Content Web Services
Content web services
enable you to specify general settings for your external user repository,
leaving the target and security settings to be set in the associated
remote content source and remote content crawler. This allows you
to crawl multiple locations of the same content repository without
having to repeatedly specify all the settings.
Content Sources
Content
sources provide access to external content repositories, enabling
users to submit documents and content managers to create content crawlers
to import documents into the Knowledge Directory. Each content source
is configured to access a particular document repository with specific
authentication. For example, a content source for a secured web site
can be configured to fill out the web form necessary to gain access
to that site. Register a content source for each secured web site
or back-end repository from which content can be imported into your
portal.
Best Practices
- To facilitate maintenance, we recommend you implement several
instances of each content crawler type, configured for limited, specific
purposes.
- For file system content crawlers, you might want to implement
a content crawler that mirrors an entire file system folder hierarchy
by specifying a top-level starting point and its subfolders. Although
the content in your folder structure is available on your network,
replicating this structure in the portal offers several advantages:
- Users are able to search and access the content over the web.
- Interested users can receive regular updates on new content with
snapshot queries.
- You can use default profiles to direct new users to important
folders.
However, you might find it easier to maintain controlled access,
document updates, or document expiration by creating several content
crawlers that target specific folders.
- If you plan to crawl web locations, familiarize yourself with
the pages you want to import. Often, you can find one or two pages
that contain links to everything of interest. For example, most companies
offer a list of links to their latest press releases, and most web
magazines offer a list of links to their latest articles. When you
configure your content crawler for this source, you can target these
pages and exclude others to improve the efficiency of your crawl jobs.
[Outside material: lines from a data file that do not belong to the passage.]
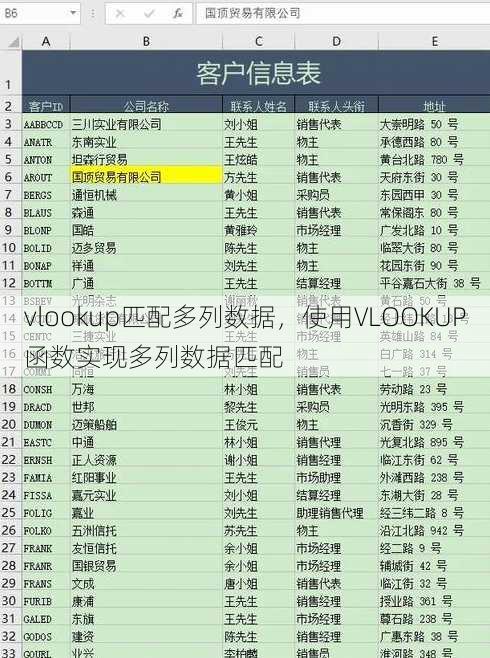 vlookup匹配多列数据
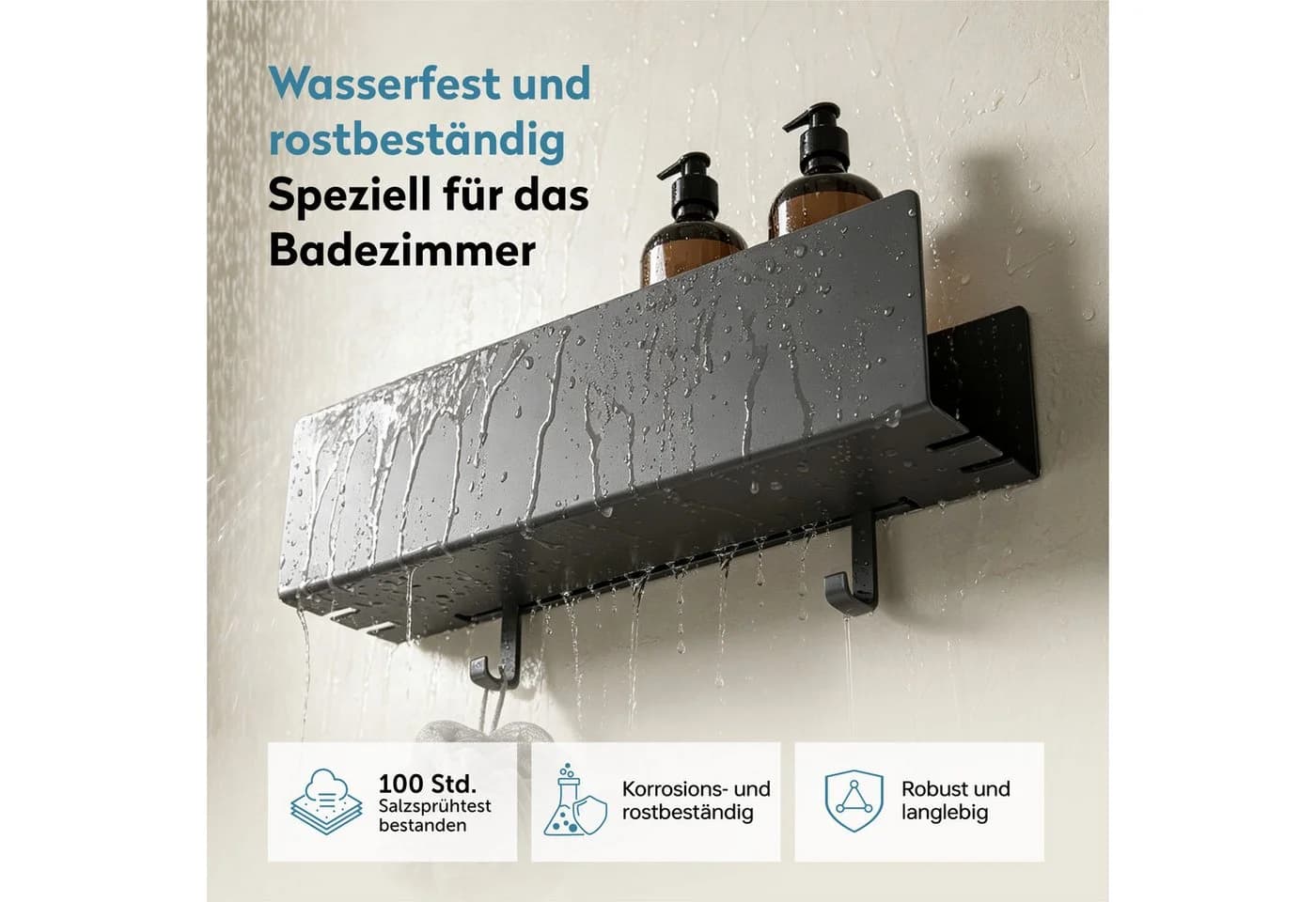 doporro Duschregal Wandregal 40cm Schwarz/Weiß mit 2 Haken - Bild 5
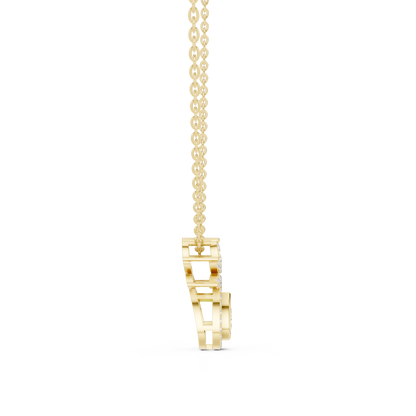 0.35CTW Pear-Cut Diamond Halo Pendant with Floral Crown in Yellow Gold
- If you know that certain content will no longer be relevant after
a date—for example, if the content is related to a fiscal year, a
project complete date, or the like—you might want to create a content
crawler specifically for the date-dependent content. When the content
is no longer relevant, you can run a job that removes all content
created by the specific content crawler.
- For remote content crawlers, you might want to limit the target
for mail content crawlers to specific user names; you might want to
limit the target for document content crawlers to specific content
types.
For additional considerations and best practices, see the
Deployment Guide for Oracle WebCenter Interaction.